This notebook will develop a predictive model for rent prices in the Bay Area using rental listings from Craigslist.
Data: The dataset used here is Craigslist listings merged with Census and point of interest data. It includes all unique listings in the 'apartments/housing' section of Craigslist from 11/13/2016 - 3/17/2017.
Features include:
The data has been cleaned and filtered, but features have not yet been carefully selected.
Goal: Develop a model to predict rent as accurately as possible.
In [1]:
import numpy as np
import pandas as pd
import os
import math
import matplotlib.pyplot as plt
import seaborn as sns
%matplotlib inline
In [2]:
DATA_DIR = os.path.join('..','data','urbansim')
In [22]:
# this particular dataset is a subset of all the features available
infile = 'ba_block_small.csv'
df = pd.read_csv(os.path.join(DATA_DIR,infile))

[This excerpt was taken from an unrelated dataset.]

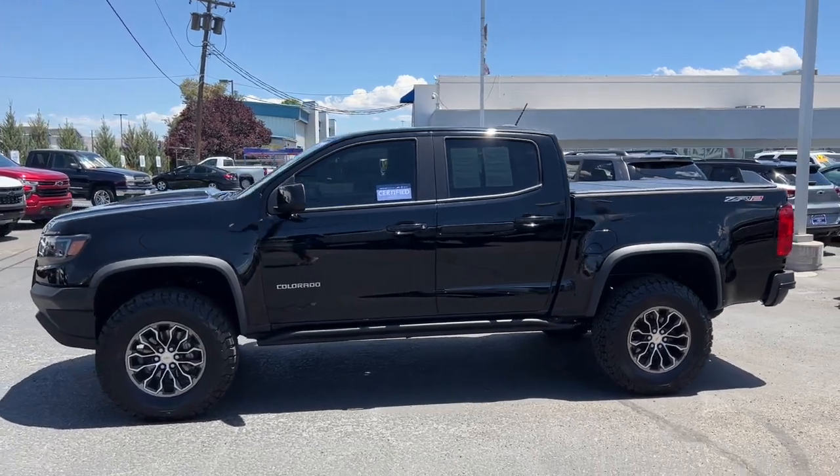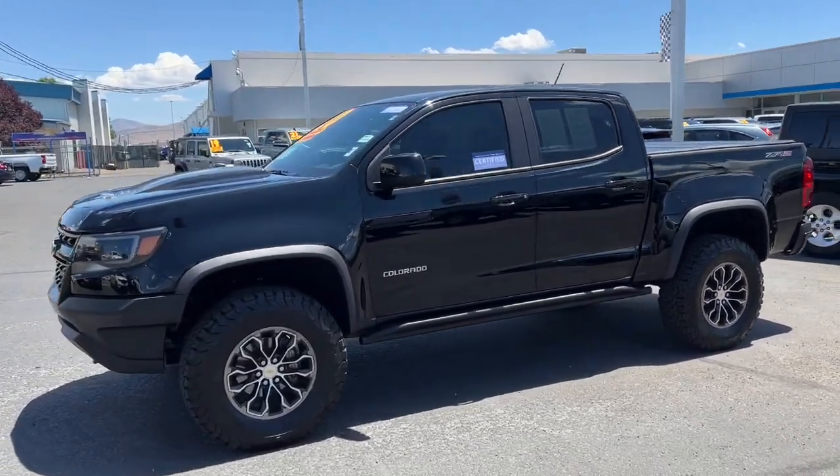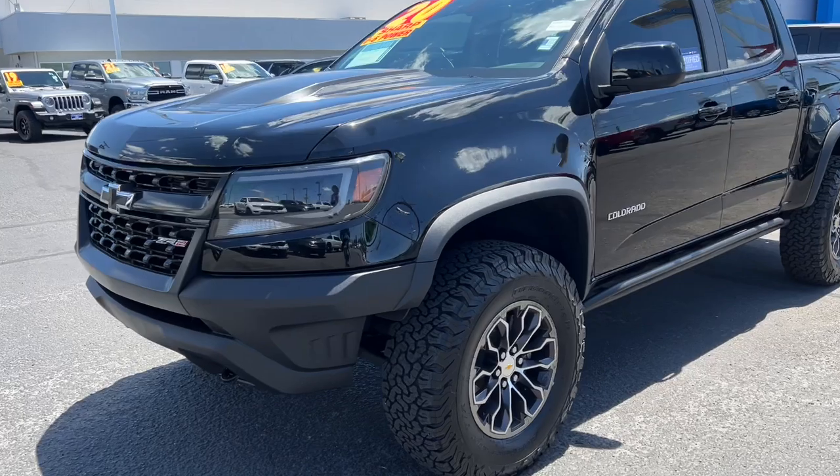The Colorado takes care of business without sacrificing comfort and convenience. Take it out for a drive and see for yourself.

df = df.ix[:,1:] # exclude first column, which was empty
print(df.shape)
df.head()
Out[22]:
In [4]:
# Let's look at some summary stats for key features
# property characteristics
df[['rent','sqft','rent_sqft','bedrooms','bathrooms']].describe()
Out[4]:
In [5]:
# census features
census_features = ['bgpop', 'bgacres', 'bgjobs', 'bgmedkids', 'bgmedhhs',
'bgmedinc', 'proprent', 'propwhite','propblack', 'propasian', 'pumahhden', 'prop1per', 'prop2per', 'bgmedagehd',
'pct1per', 'pct2per', 'pctrent','pctblack', 'pctwhite', 'pctasian', 'bgpopden', 'bgjobden']
df[census_features].describe()
Out[5]:
In [6]:
# accessibility features
access_features = ['lowinc1500m', 'highinc1500m', 'lnjobs5000m','lnjobs30km', 'lnpop400m', 'lnpop800m', 'lnjobs800m','lntcpuw3000m',
'pumajobden', 'lnjobs40km', 'lnret3000m', 'lnfire3000m', 'lnserv3000m','highlowinc1500m']

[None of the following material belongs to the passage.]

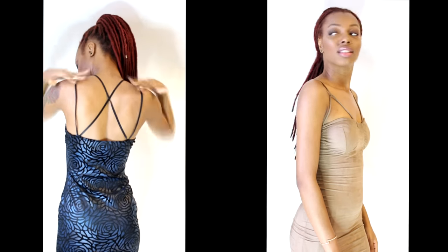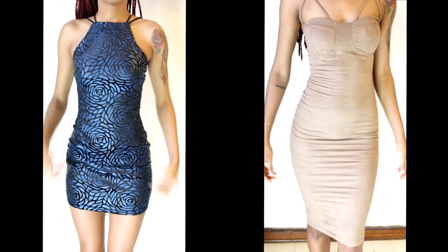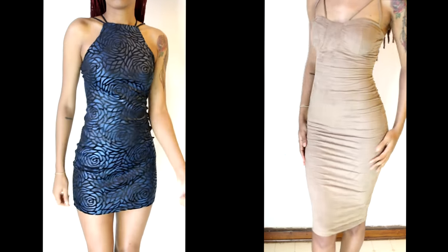The good girl dress to the right is called Rich Like Suede in the color Mocha, in the size extra small. I adore this dress — it fits like a glove and it's so soft to the touch. My current favorite length for dresses is about just below the knee, so this is perfect for me. Let me know which dress is your favorite, leave me a comment below.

df[access_features].describe()
Out[6]:
In [7]:
def log_var(x):
"""Return log of x, but NaN if zero."""
if x==0:
return np.nan
else:
return np.log(x)
# add ln rent
df['lnrent'] = df.rent.apply(log_var)
In [8]:
#df.columns
In [9]:
df.rent_sqft.mean()
df.sqft.mean()*.35/df.rent.mean()
Out[9]:
Inspecting the columns, some are obviously not useful or redundant. E.g., 'median_income' is just the median income for the entire region.

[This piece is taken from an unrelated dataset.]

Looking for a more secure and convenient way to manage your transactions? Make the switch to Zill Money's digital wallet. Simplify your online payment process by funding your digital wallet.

Define the columns we'll use...
In [10]:
cols_to_use = ['rent','rent_sqft','lnrent', 'sqft','bedrooms','bathrooms','longitude', 'latitude','bgpop','bgjobs', 'bgmedkids', 'bgmedhhs','bgmedinc', 'proprent', 'lowinc1500m', 'highinc1500m', 'lnjobs5000m',
'lnjobs30km', 'lnpop400m', 'lnpop800m', 'lnjobs800m', 'propwhite','propblack', 'propasian', 'pumahhden', 'lnbasic3000m', 'lntcpuw3000m',
'pumajobden', 'lnjobs40km', 'lnret3000m', 'lnfire3000m', 'lnserv3000m','prop1per', 'prop2per', 'bgmedagehd', 'puma1', 'puma2', 'puma3',
'puma4', 'northsf', 'pct1per', 'pct2per', 'pctrent','pctblack', 'pctwhite', 'pctasian', 'y17jan', 'y17feb', 'y17mar',
'bgpopden', 'bgjobden', 'highlowinc1500m']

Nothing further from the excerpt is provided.